EDIT: So my output looks like this
$'1'
1 text1
2 text2
3
4 text3
5 text4
$'2'
1 text1
2
3 text2
4
5 text3
My goal is to delete those rows that are empty so that it looked like this:
$'1'
1 text1
2 text2
3 text3
4 text4
$'2'
1 text1
2 text2
3 text3
Upvotes: 2
Views: 2077
Reputation: 35314
This is a surprisingly tough problem. First I synthesized some test data:
l <- list(list('a','b','','c','','d'),list('','e',''));
l;
## [[1]]
## [[1]][[1]]
## [1] "a"
##
## [[1]][[2]]
## [1] "b"
##
## [[1]][[3]]
## [1] ""
##
## [[1]][[4]]
## [1] "c"
##
## [[1]][[5]]
## [1] ""
##
## [[1]][[6]]
## [1] "d"
##
##
## [[2]]
## [[2]][[1]]
## [1] ""
##
## [[2]][[2]]
## [1] "e"
##
## [[2]][[3]]
## [1] ""
##
##
Here's my solution:
matches <- do.call(rbind,lapply(seq_along(l),function(li) cbind(li,which(do.call(c,l[[li]])==''))));
matches;
## li
## [1,] 1 3
## [2,] 1 5
## [3,] 2 1
## [4,] 2 3
invisible(apply(matches[rev(seq_len(nrow(matches))),],1,function(lri) l[[lri]] <<- NULL));
l;
## [[1]]
## [[1]][[1]]
## [1] "a"
##
## [[1]][[2]]
## [1] "b"
##
## [[1]][[3]]
## [1] "c"
##
## [[1]][[4]]
## [1] "d"
##
##
## [[2]]
## [[2]][[1]]
## [1] "e"
##
##
This uses recursive list indexing. This type of indexing is documented in Extract or Replace Parts of an Object:
[[ can be applied recursively to lists, so that if the single index i is a vector of length p, alist[[i]] is equivalent to alist[[i1]]...[[ip]] providing all but the final indexing results in a list.

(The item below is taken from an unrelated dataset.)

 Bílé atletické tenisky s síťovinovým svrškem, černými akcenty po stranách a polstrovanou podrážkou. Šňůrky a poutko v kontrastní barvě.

This solution also leverages the fact that assigning NULL
to a list component deletes that component. From the same documentation page:
Note that in all three kinds of replacement, a value of NULL deletes the corresponding item of the list. To set entries to NULL, you need x[i] <- list(NULL).
It was also important to delete components with higher indexes first; otherwise the precomputed higher indexes would be invalidated by the deletion of lower indexes. Hence I ran apply()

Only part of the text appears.